→ What you should do: Output only the lines below from the one containing "kitchen with grey" to the one containing "Purple reflection. Defocused", exactly as written, both ends kept.
Input Start Marker
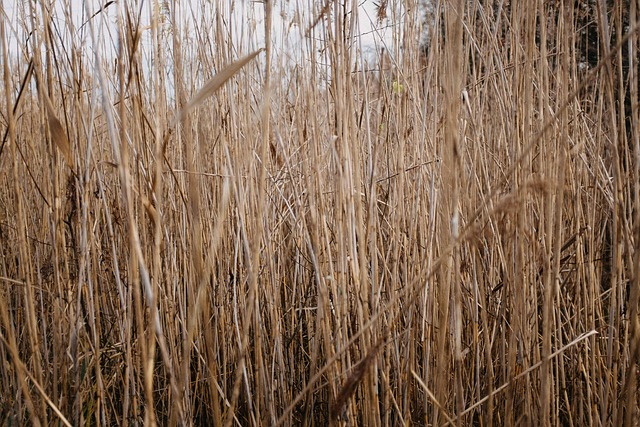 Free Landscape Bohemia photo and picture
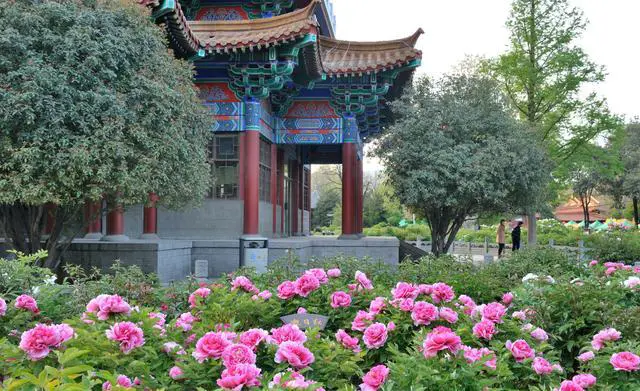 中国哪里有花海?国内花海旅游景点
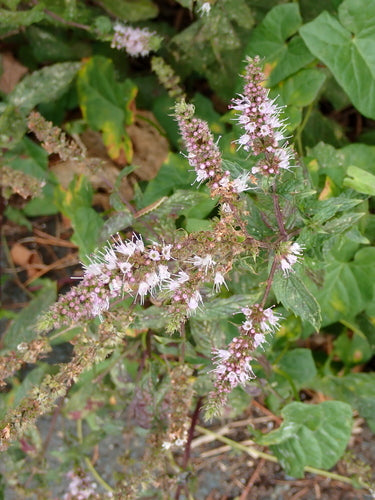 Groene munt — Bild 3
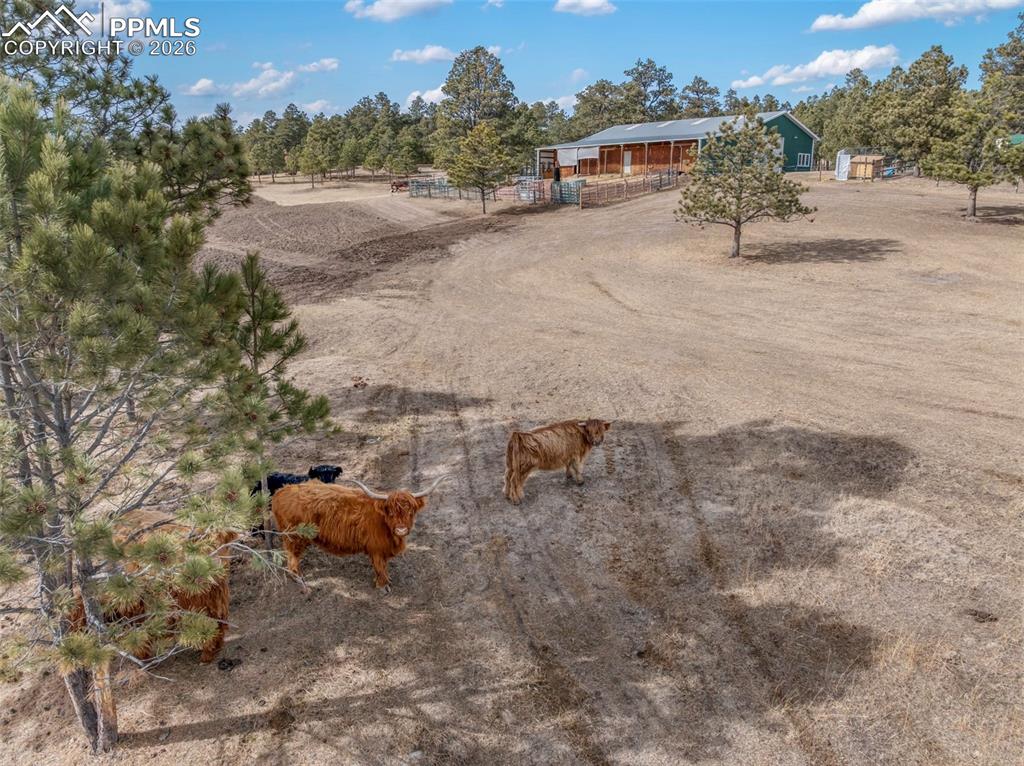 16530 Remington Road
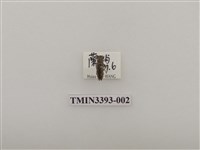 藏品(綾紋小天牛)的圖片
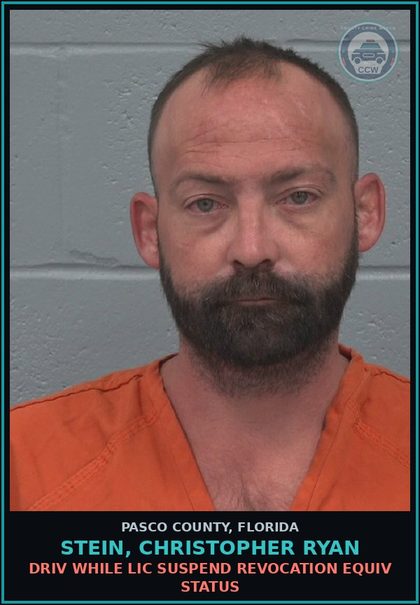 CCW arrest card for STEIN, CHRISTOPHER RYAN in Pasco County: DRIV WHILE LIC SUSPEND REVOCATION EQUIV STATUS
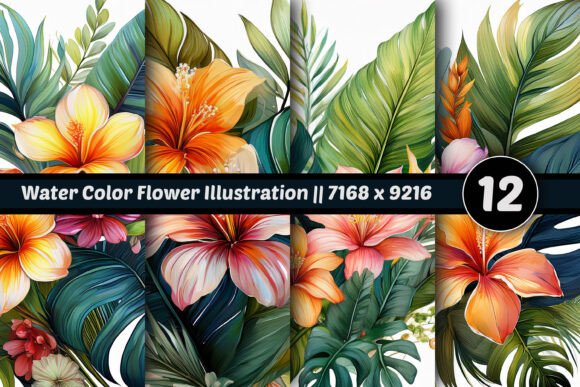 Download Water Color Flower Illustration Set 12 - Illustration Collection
Input End Marker
Input Start Marker
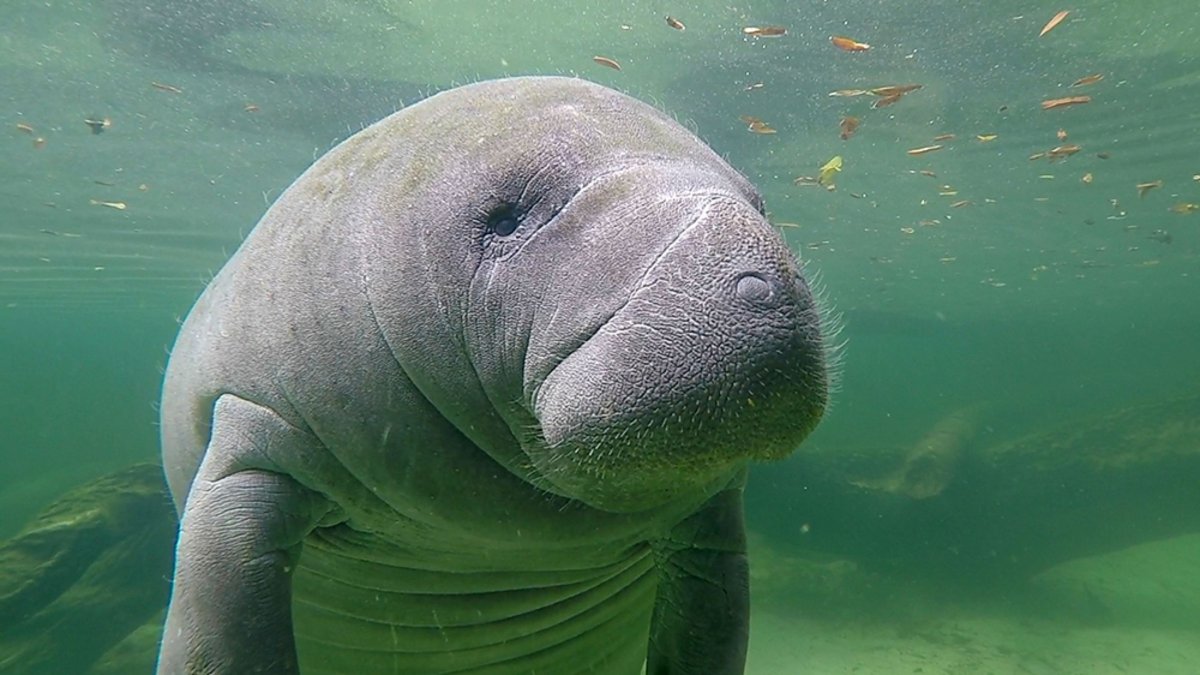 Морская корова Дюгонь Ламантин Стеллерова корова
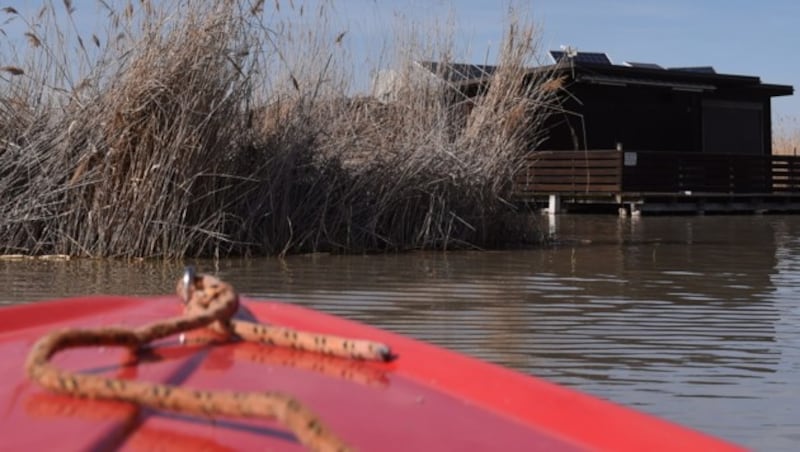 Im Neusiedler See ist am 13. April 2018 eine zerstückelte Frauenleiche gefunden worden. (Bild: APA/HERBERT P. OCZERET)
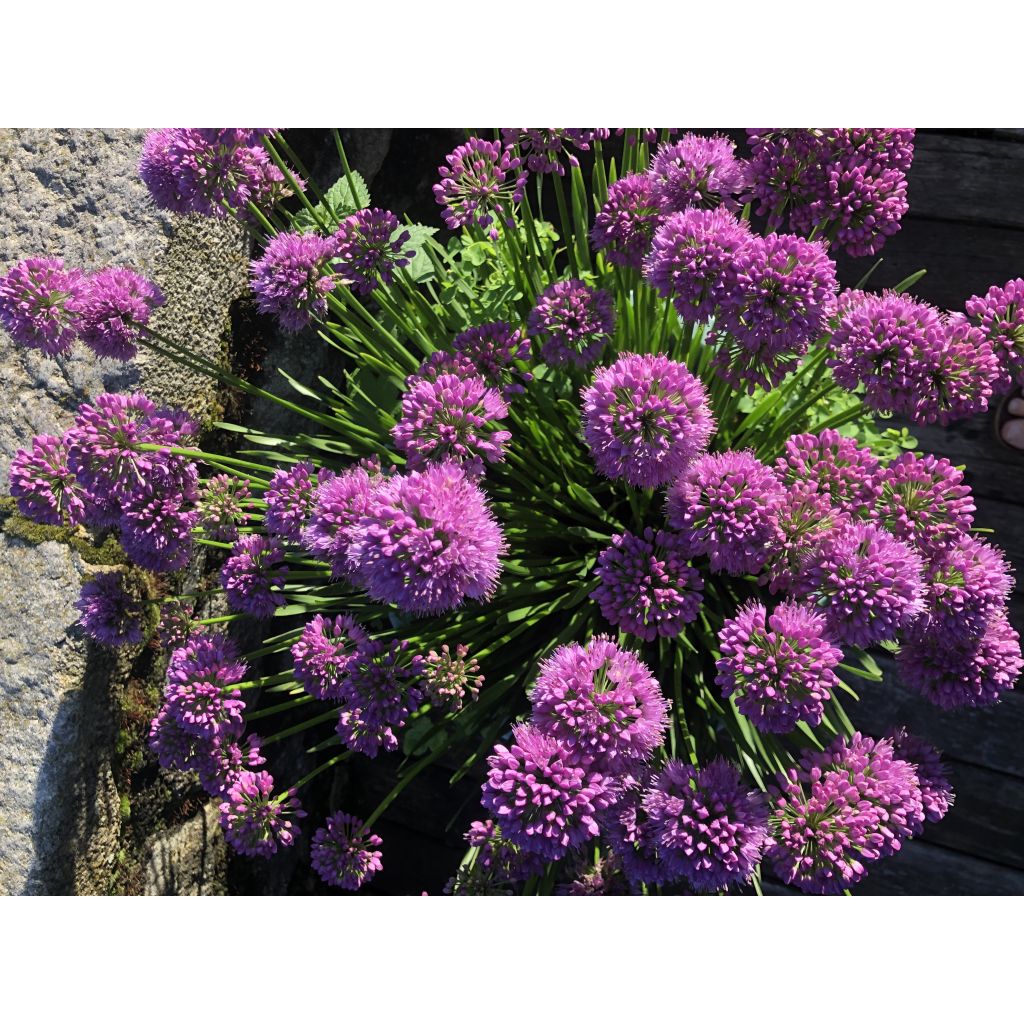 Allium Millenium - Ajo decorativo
Input End Marker
Input Start Marker
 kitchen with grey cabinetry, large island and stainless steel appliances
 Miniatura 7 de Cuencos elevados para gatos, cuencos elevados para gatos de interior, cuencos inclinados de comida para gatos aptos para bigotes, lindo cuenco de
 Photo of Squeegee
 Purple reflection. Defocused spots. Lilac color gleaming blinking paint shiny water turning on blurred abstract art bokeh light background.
Input End Marker
→ Solution below:
 kitchen with grey cabinetry, large island and stainless steel appliances
 Miniatura 7 de Cuencos elevados para gatos, cuencos elevados para gatos de interior, cuencos inclinados de comida para gatos aptos para bigotes, lindo cuenco de
 Photo of Squeegee
 Purple reflection. Defocused spots. Lilac color gleaming blinking paint shiny water turning on blurred abstract art bokeh light background.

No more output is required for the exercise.